Consequence. NTT convolution is exact: no rounding. Coefficients of a ∗ b are recovered exactly provided each true coefficient is < p; otherwise use several primes and reconstruct via the Chinese Remainder Theorem. NTT-friendly primes have the form p = c·2^k + 1 so that 2^k | (p − 1) permits transform lengths up to 2^k (e.g. 998244353 = 119·2²³ + 1, g = 3).
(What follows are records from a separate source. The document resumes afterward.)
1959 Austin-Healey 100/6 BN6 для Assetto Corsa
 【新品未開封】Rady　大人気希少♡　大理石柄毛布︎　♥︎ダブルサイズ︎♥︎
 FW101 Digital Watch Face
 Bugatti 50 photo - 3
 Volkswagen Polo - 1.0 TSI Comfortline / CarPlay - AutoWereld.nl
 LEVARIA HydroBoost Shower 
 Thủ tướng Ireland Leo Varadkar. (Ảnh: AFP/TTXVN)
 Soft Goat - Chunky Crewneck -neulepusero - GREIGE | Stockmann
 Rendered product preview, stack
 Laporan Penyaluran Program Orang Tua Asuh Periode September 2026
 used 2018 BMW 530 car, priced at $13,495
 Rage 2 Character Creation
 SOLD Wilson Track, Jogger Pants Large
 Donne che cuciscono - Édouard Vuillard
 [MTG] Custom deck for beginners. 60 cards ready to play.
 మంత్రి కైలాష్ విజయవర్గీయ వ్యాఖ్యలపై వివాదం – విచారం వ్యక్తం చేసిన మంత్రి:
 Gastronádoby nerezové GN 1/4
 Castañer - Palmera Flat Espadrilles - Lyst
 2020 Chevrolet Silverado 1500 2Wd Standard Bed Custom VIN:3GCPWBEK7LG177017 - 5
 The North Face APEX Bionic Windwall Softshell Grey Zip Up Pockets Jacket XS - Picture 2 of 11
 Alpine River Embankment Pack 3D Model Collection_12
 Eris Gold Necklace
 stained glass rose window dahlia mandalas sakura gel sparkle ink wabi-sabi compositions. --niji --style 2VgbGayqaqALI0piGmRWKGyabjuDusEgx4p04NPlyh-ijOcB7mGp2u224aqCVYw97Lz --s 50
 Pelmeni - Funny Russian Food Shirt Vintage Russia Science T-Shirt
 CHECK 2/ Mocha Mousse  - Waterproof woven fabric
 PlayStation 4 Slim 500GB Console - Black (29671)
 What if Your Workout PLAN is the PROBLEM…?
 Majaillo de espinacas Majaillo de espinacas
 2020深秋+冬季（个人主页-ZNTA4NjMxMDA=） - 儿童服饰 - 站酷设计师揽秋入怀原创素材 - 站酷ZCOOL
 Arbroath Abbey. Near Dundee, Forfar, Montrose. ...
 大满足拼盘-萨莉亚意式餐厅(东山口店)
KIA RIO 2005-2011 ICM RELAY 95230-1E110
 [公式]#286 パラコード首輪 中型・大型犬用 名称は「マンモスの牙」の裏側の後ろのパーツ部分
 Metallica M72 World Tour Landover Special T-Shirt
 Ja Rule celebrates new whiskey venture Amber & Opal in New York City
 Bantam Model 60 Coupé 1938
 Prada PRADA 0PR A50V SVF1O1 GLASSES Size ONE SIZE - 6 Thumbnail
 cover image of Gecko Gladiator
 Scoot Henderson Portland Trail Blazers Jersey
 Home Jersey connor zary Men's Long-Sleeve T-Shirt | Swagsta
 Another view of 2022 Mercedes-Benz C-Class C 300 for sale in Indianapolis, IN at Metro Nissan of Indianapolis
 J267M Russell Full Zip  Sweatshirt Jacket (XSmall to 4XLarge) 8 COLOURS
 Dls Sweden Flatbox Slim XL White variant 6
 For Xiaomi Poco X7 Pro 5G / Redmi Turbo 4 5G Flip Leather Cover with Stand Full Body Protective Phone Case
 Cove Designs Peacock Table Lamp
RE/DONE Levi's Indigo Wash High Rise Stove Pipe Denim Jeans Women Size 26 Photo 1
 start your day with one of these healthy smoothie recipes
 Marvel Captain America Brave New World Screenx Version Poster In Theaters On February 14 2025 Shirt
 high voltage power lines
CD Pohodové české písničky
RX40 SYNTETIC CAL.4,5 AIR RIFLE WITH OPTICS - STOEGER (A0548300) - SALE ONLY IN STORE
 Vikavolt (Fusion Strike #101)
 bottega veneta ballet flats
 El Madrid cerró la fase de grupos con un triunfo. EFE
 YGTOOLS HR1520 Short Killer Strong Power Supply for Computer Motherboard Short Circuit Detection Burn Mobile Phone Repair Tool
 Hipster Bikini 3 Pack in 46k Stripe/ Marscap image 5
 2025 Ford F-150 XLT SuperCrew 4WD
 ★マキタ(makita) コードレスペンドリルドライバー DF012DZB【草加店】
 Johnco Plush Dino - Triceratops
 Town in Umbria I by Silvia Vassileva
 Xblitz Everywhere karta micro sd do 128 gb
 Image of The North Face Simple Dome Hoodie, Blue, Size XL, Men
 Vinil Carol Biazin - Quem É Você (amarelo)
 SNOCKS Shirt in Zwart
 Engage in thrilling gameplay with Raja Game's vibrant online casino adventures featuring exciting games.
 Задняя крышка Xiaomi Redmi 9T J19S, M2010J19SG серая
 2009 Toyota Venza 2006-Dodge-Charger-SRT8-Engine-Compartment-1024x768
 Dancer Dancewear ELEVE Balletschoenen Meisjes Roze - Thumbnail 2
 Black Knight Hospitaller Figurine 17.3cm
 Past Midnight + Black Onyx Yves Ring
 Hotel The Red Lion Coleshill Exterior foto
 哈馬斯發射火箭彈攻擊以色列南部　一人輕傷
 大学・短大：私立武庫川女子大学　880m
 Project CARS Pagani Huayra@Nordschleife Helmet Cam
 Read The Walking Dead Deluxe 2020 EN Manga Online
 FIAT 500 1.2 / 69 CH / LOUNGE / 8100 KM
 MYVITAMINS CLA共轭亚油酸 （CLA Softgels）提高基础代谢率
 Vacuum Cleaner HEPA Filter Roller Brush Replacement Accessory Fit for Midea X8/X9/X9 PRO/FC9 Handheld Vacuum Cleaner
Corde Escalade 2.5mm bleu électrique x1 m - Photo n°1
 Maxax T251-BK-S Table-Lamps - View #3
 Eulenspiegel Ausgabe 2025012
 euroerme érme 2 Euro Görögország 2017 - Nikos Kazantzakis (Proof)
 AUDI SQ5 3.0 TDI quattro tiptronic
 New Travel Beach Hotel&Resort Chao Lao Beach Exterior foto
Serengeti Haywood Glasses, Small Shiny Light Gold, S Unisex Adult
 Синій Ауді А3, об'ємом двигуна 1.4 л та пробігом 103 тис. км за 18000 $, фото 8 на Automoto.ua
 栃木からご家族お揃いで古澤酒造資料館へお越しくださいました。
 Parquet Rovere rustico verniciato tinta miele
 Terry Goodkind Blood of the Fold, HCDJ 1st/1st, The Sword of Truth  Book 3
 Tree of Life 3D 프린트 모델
9.1 Small worked NTT example¶

Take the tiny prime p = 17 (= 1·2⁴ + 1, so 16 | (p−1)), primitive root g = 3, and length n = 4. The 4th root of unity is ω = g^{(p-1)/n} = 3^{16/4} = 3^4 = 81 ≡ 13 (mod 17). Check its order: 13² = 169 ≡ 16 ≡ −1, and 13⁴ ≡ 1 (mod 17) — order exactly 4, as required, and ω^{n/2} = 13² ≡ −1 confirms the Cancellation Lemma over ℤ_{17}. Convolving a = [1, 2] and b = [3, 4] (true product [3, 10, 8]) via the length-4 NTT and inverse NTT (scaling by n^{-1} = 4^{-1} ≡ 13 mod 17) reproduces [3, 10, 8, 0] exactly, mod 17 — no rounding anywhere. For real use, p must exceed the largest coefficient (here 10 < 17, fine); otherwise use multiple primes + CRT.

9.2 Multi-prime CRT¶

To recover a true coefficient x larger than any single NTT-friendly prime, run the NTT under primes p₁, …, p_r with product P = Πp_i > x, obtaining residues x ≡ r_i (mod p_i). The CRT reconstructs the unique x ∈ [0, P):

x = ( Σ_i r_i · M_i · (M_i^{-1} mod p_i) )  mod P,     M_i = P / p_i.

Three primes near 10⁹ give P > 10²⁷, covering coefficients up to n·C² for typical inputs; reduce x mod the target modulus M afterward.

10. Numerical Error Analysis¶

For the complex FFT in IEEE-754 double precision (machine epsilon ε = 2⁻⁵³), each butterfly introduces relative rounding O(ε). Accumulated over log₂ n levels, a standard backward-error result bounds the componentwise error of the computed transform fl(â) by

‖fl(â) − â‖ ≤ c · log₂(n) · ε · ‖a‖     (Frobenius/2-norm sense),

for a modest constant c. For convolution the relevant output magnitude is bounded by ‖a∗b‖_∞ ≤ n · ‖a‖_∞ · ‖b‖_∞; to round each integer coefficient correctly the absolute error must stay below 1/2, giving the safety condition

const · n · C² · log₂ n · ε  <  1/2,      C = max coefficient magnitude.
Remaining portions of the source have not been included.